**PROBLEM**
Will you write out the data exactly, excluding every picture?

Caption-style text data
────

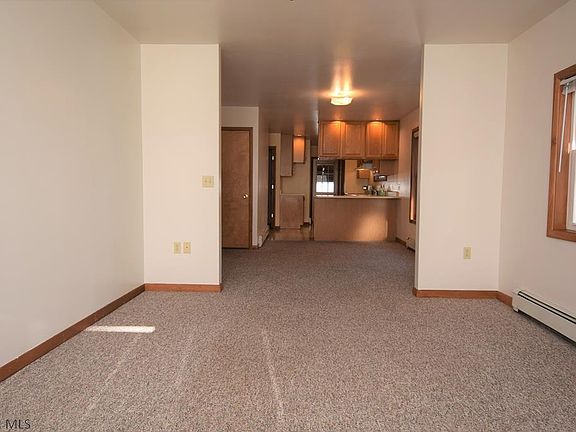 5th image of 1015 Hedge St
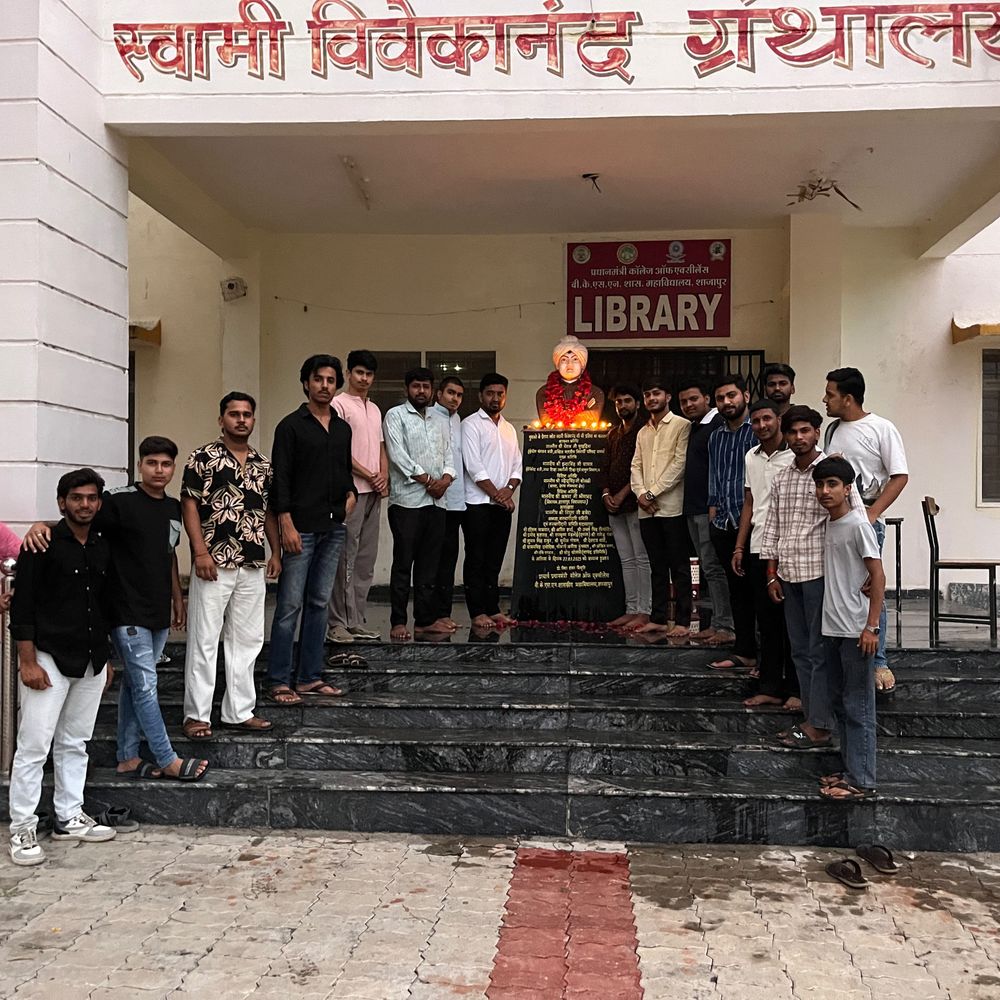 शाजापुर में एबीवीपी ने मनाया 78वां स्थापना दिवस:पीएम कॉलेज ऑफ एक्सीलेंस परिसर में छात्र-छात्राओं ने लिया राष्ट्र निर्माण का संकल्प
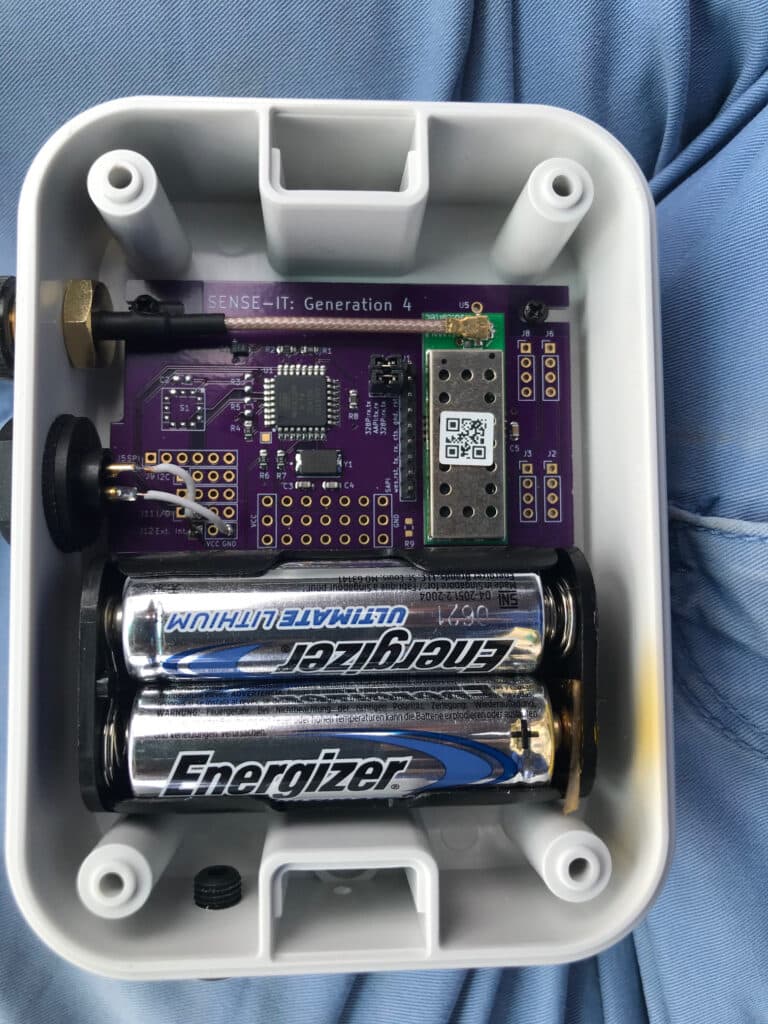 farmIT sensor solution with integrated NeoCortec longrange module, powered by 2x Li-ion AA batteries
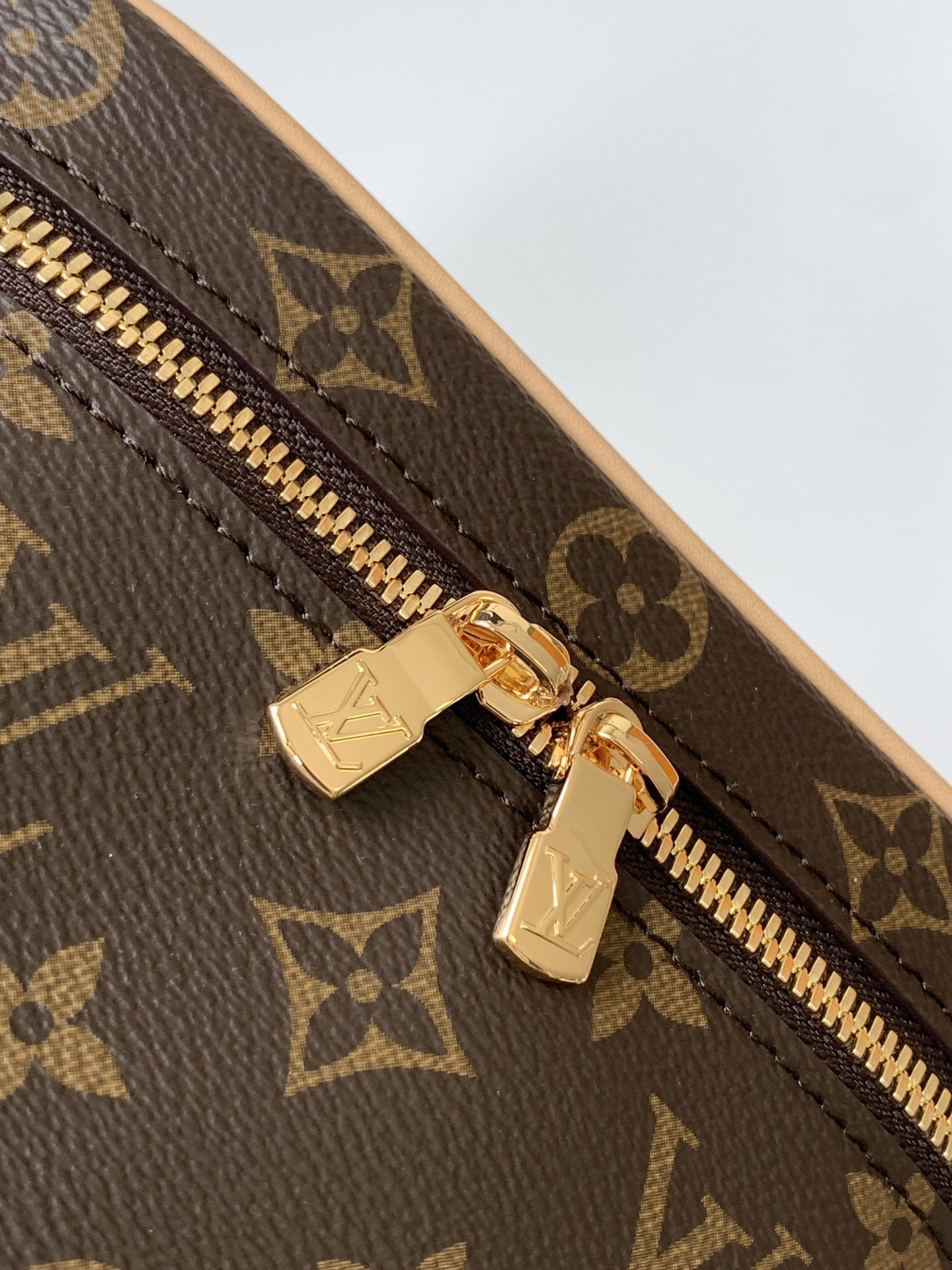 LV Nice Mini M44495 20 x 13.5 x 12CM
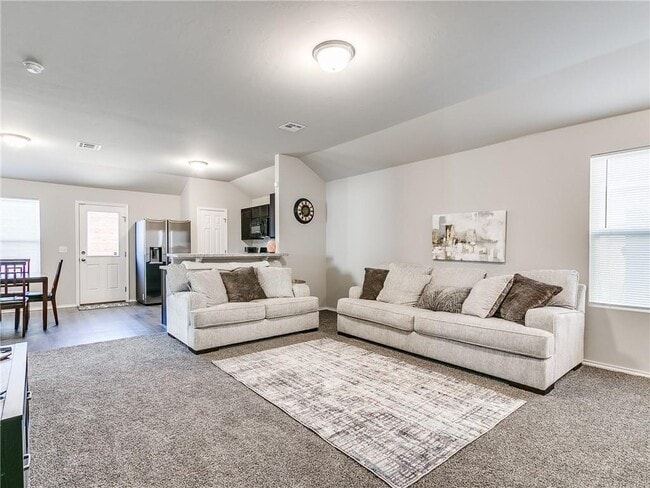 Building Photo - 11708 NW 99th Ter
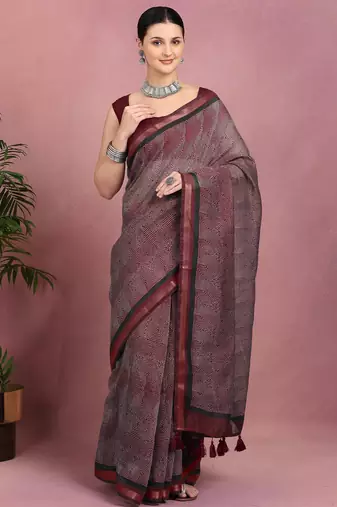 women's geometric print cotton blend saree -maroon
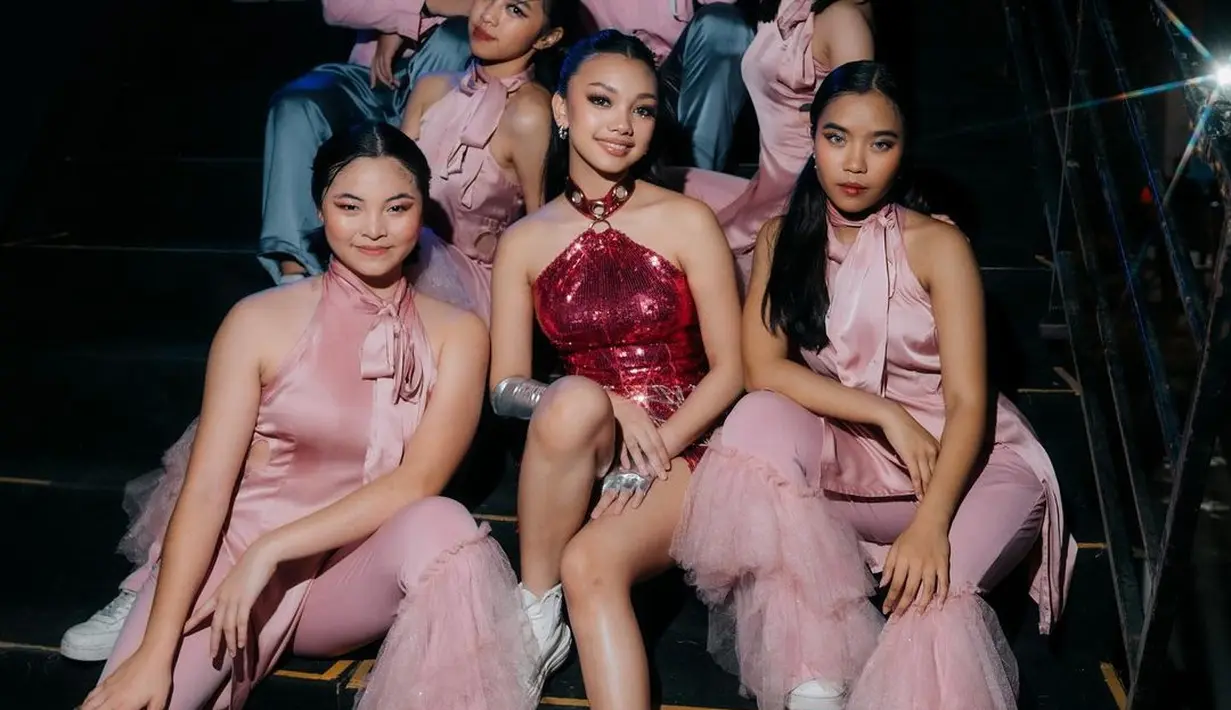 Naura Ayu tak kalah memukau dengan sequined halter dress warna pink dan silver gloves. Tatanan rambut bergaya ponytail membuatnya terlihat seperti Barbie! [naura.ayu]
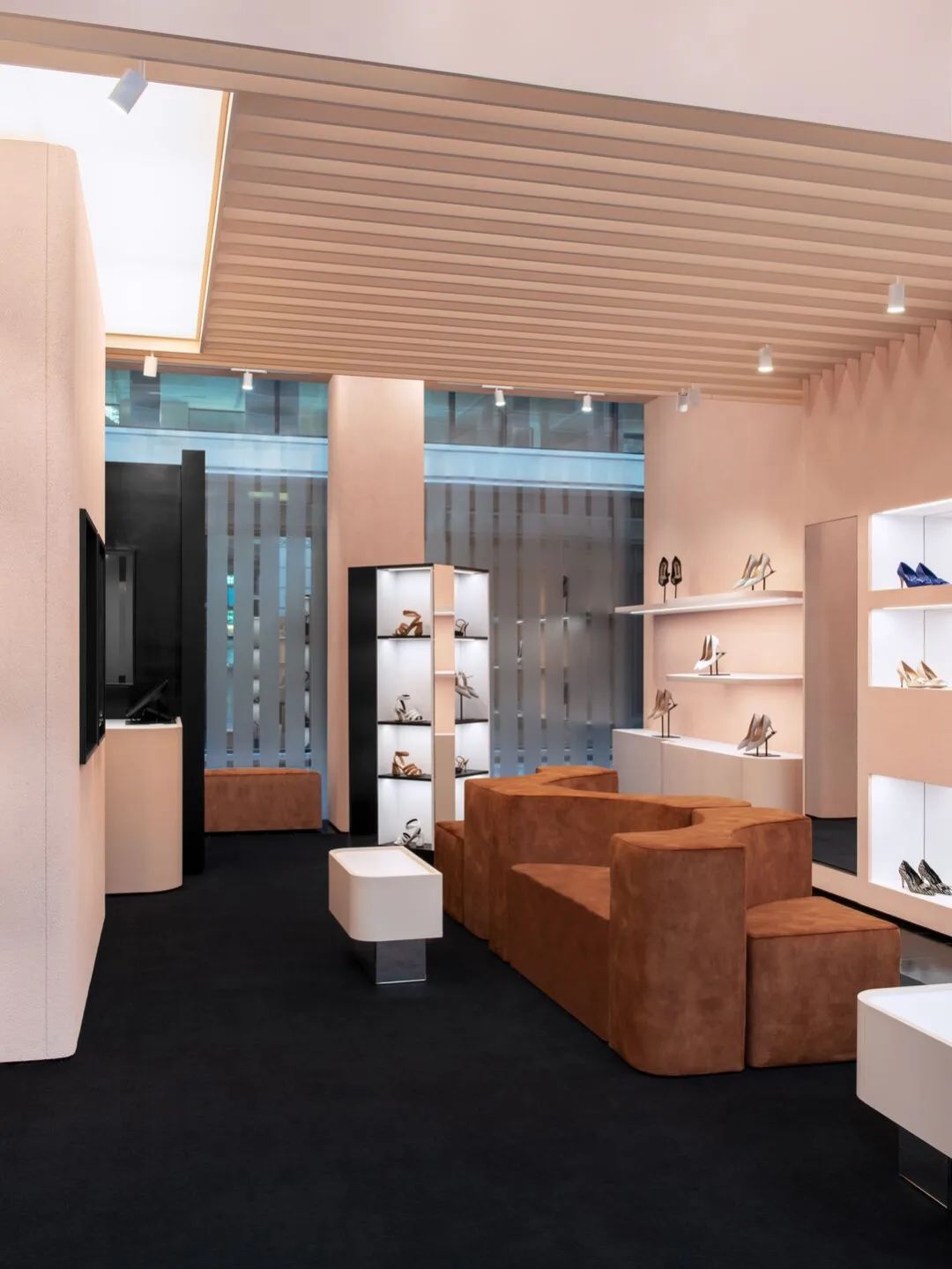 米兰 Sergio Rossi 概念鞋店设计丨意大利米兰丨Cristina Celestino-13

────

**RESULT OF THE TASK**
 5th image of 1015 Hedge St
 शाजापुर में एबीवीपी ने मनाया 78वां स्थापना दिवस:पीएम कॉलेज ऑफ एक्सीलेंस परिसर में छात्र-छात्राओं ने लिया राष्ट्र निर्माण का संकल्प
 farmIT sensor solution with integrated NeoCortec longrange module, powered by 2x Li-ion AA batteries
 LV Nice Mini M44495 20 x 13.5 x 12CM
 Building Photo - 11708 NW 99th Ter
 women's geometric print cotton blend saree -maroon
 Naura Ayu tak kalah memukau dengan sequined halter dress warna pink dan silver gloves. Tatanan rambut bergaya ponytail membuatnya terlihat seperti Barbie! [naura.ayu]
 米兰 Sergio Rossi 概念鞋店设计丨意大利米兰丨Cristina Celestino-13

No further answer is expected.